Caption-style text data
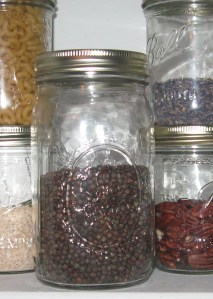 lentils in Mason/Ball jar on pantry shelf.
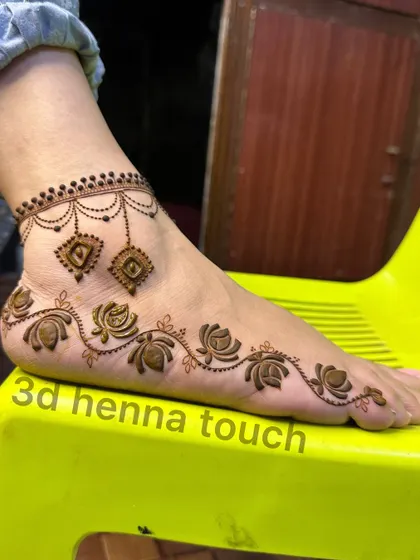 A close-up of a simple and elegant foot design. The floral trail and delicate anklet pattern are perfect for someone who wants a touch of henna without full coverage.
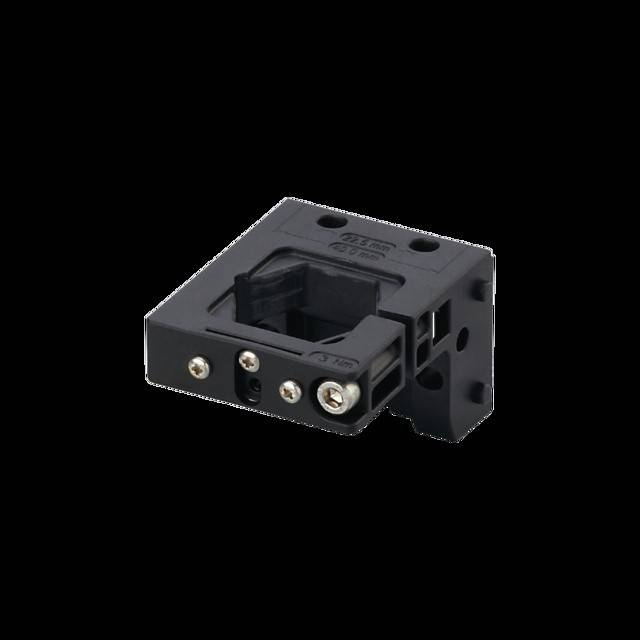 Eine schwarze Halterung für einen Sensor oder ein elektronisches Gerät mit mehreren Löchern und Schlitzen für Schrauben, die ein kompaktes und funktionales Design aufweist.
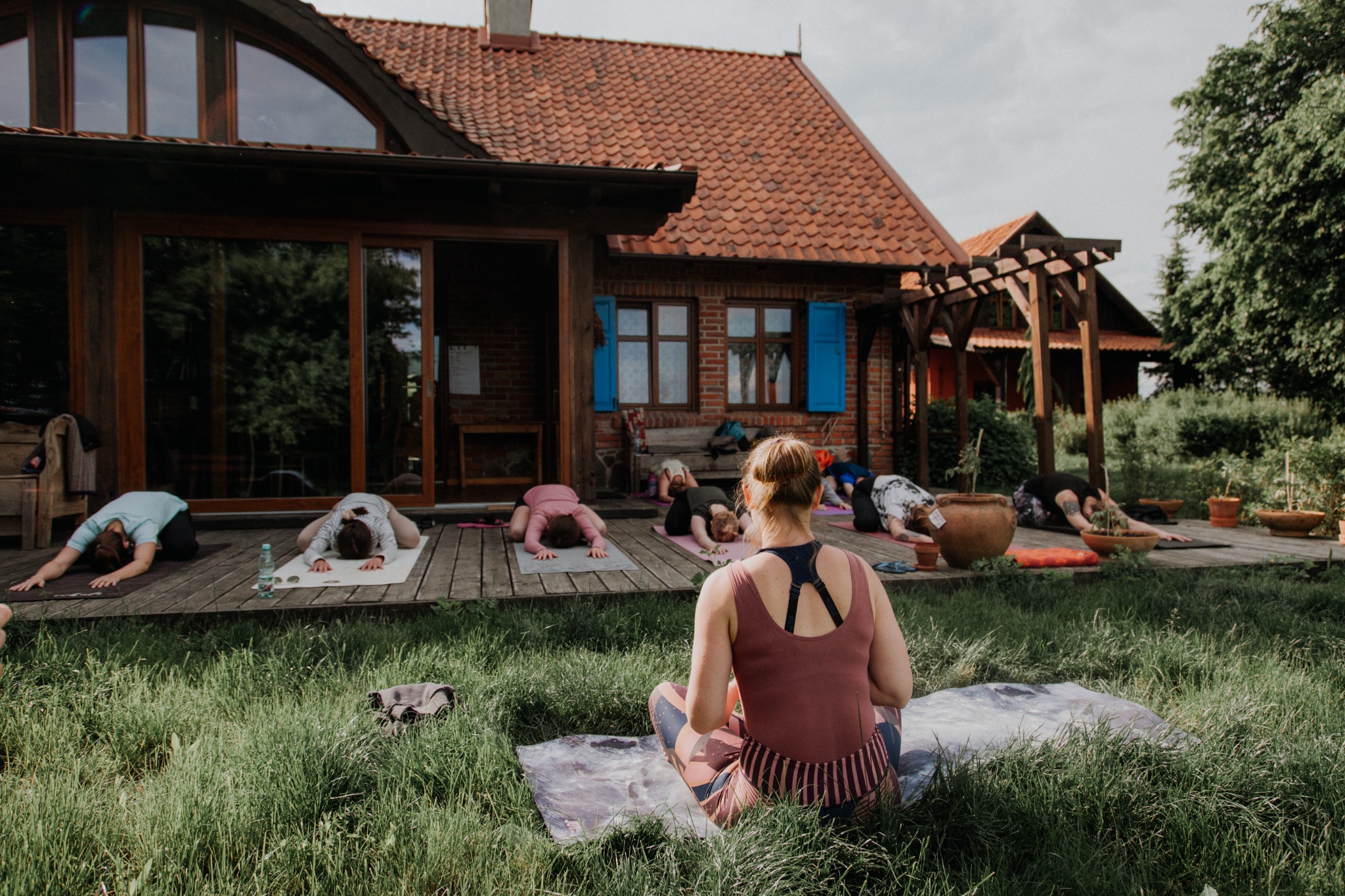 Grupa osób ćwiczy na matach w plenerze przed rustykalnym budynkiem z drewnianymi elementami, trawa w pierwszym planie, widok zza pleców siedzącej kobiety.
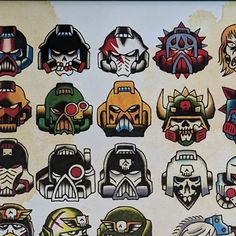 a bunch of stickers on the back of a wall with different types of skulls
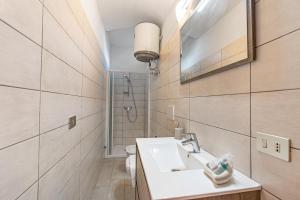 a bathroom with a sink and a toilet and a mirror at Private Green Oasis - Terrace - Happy Rentals in Tenno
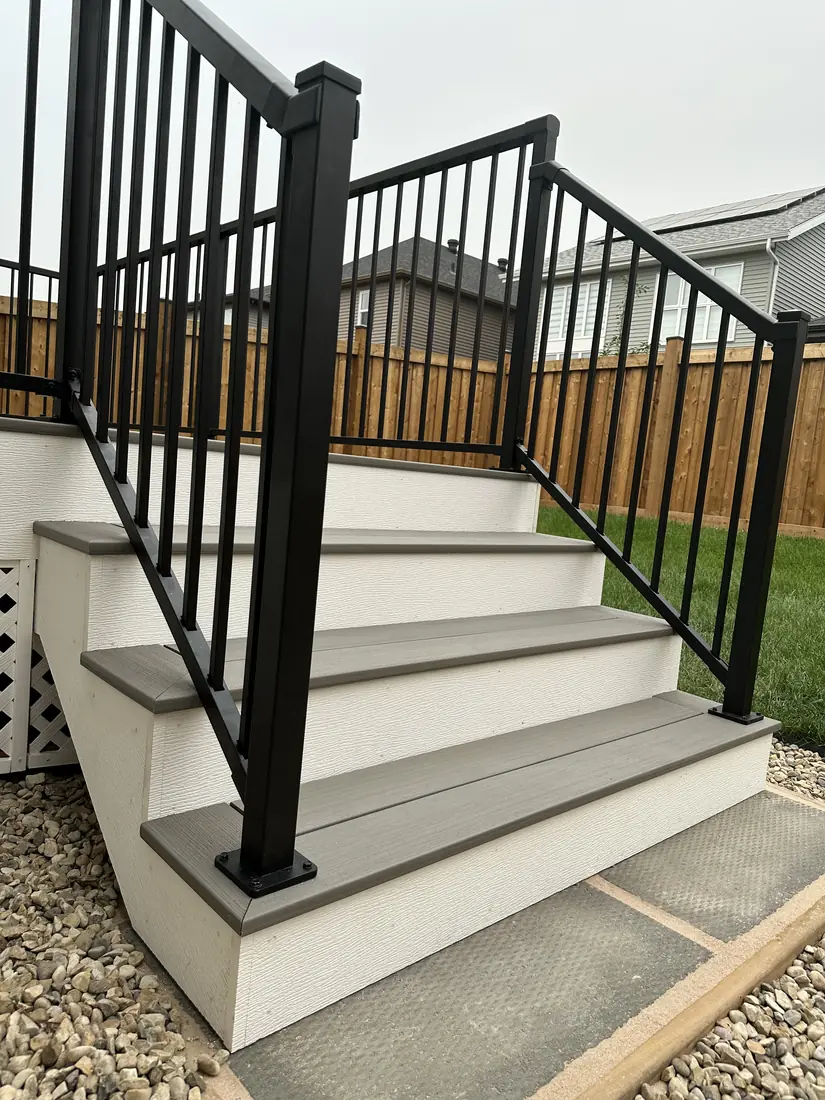Black aluminum picket deck railing and composite stair treads, Edmonton — TrueBlue Builders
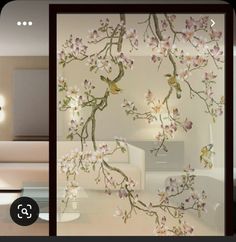 a living room filled with white furniture and flowers on the glass wall covering it's walls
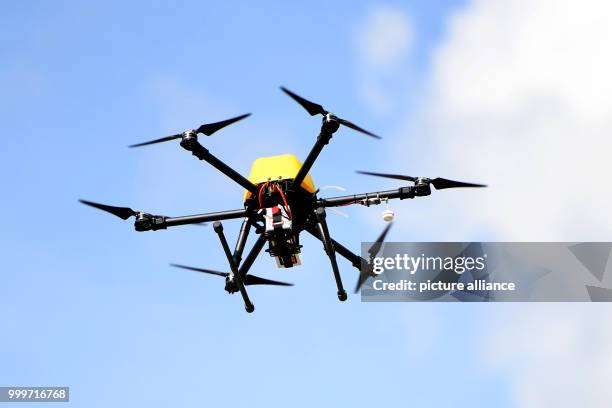 Multi-copter drone can be seen participating in the "Dronemasters Dronathon" in Berlin, Germany, 3 September 2017. Photo: Maurizio Gambarini/dpa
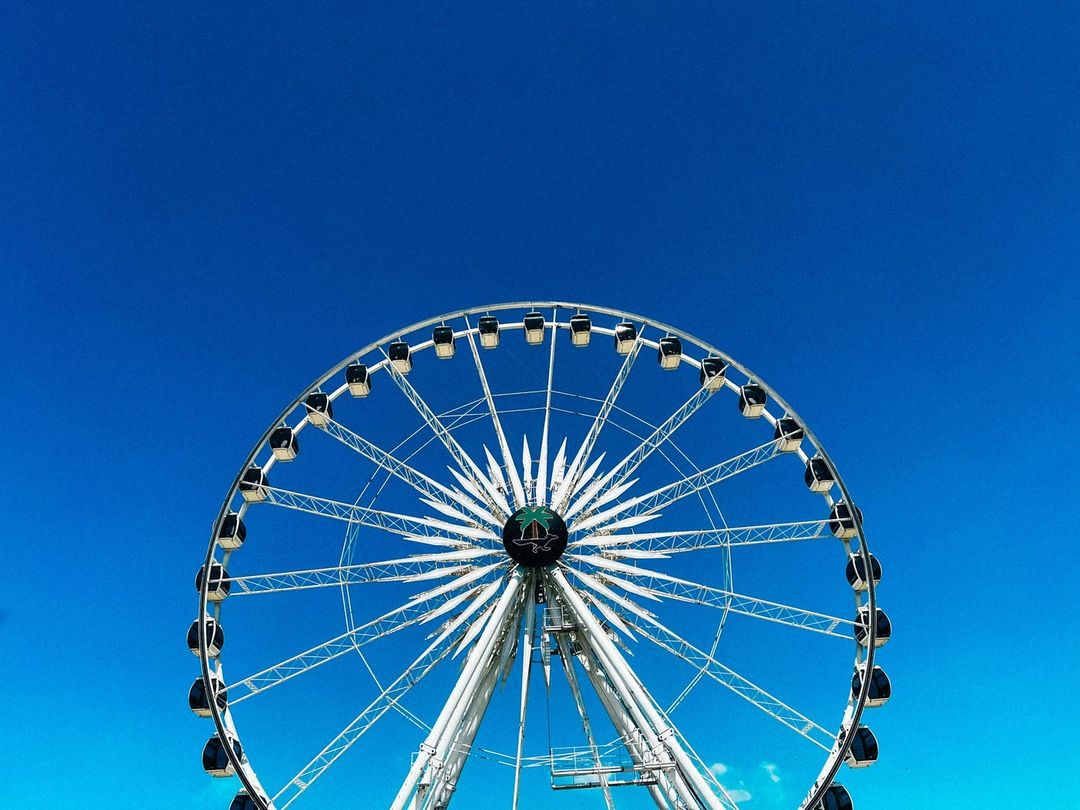 A white metal ferris wheel stands against a bright blue sky, showcasing its intricate structure and geometric design on a sunny day.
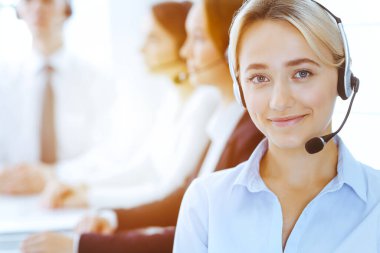 Güneşli ofiste çalışan bir grup farklı telefon operatörü. Kulaklıklı yakışıklı iş kadını müşterilere danışıyor. Çağrı merkezi ve iş adamları kavramı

■ TASK DETAILS
Set down each record above exactly as it stands and leave out all pictures.

■ EXPECTED ANSWER
 lentils in Mason/Ball jar on pantry shelf.
 A close-up of a simple and elegant foot design. The floral trail and delicate anklet pattern are perfect for someone who wants a touch of henna without full coverage.
 Eine schwarze Halterung für einen Sensor oder ein elektronisches Gerät mit mehreren Löchern und Schlitzen für Schrauben, die ein kompaktes und funktionales Design aufweist.
 Grupa osób ćwiczy na matach w plenerze przed rustykalnym budynkiem z drewnianymi elementami, trawa w pierwszym planie, widok zza pleców siedzącej kobiety.
 a bunch of stickers on the back of a wall with different types of skulls
 a bathroom with a sink and a toilet and a mirror at Private Green Oasis - Terrace - Happy Rentals in Tenno
Black aluminum picket deck railing and composite stair treads, Edmonton — TrueBlue Builders
 a living room filled with white furniture and flowers on the glass wall covering it's walls
 Multi-copter drone can be seen participating in the "Dronemasters Dronathon" in Berlin, Germany, 3 September 2017. Photo: Maurizio Gambarini/dpa
 A white metal ferris wheel stands against a bright blue sky, showcasing its intricate structure and geometric design on a sunny day.
 Güneşli ofiste çalışan bir grup farklı telefon operatörü. Kulaklıklı yakışıklı iş kadını müşterilere danışıyor. Çağrı merkezi ve iş adamları kavramı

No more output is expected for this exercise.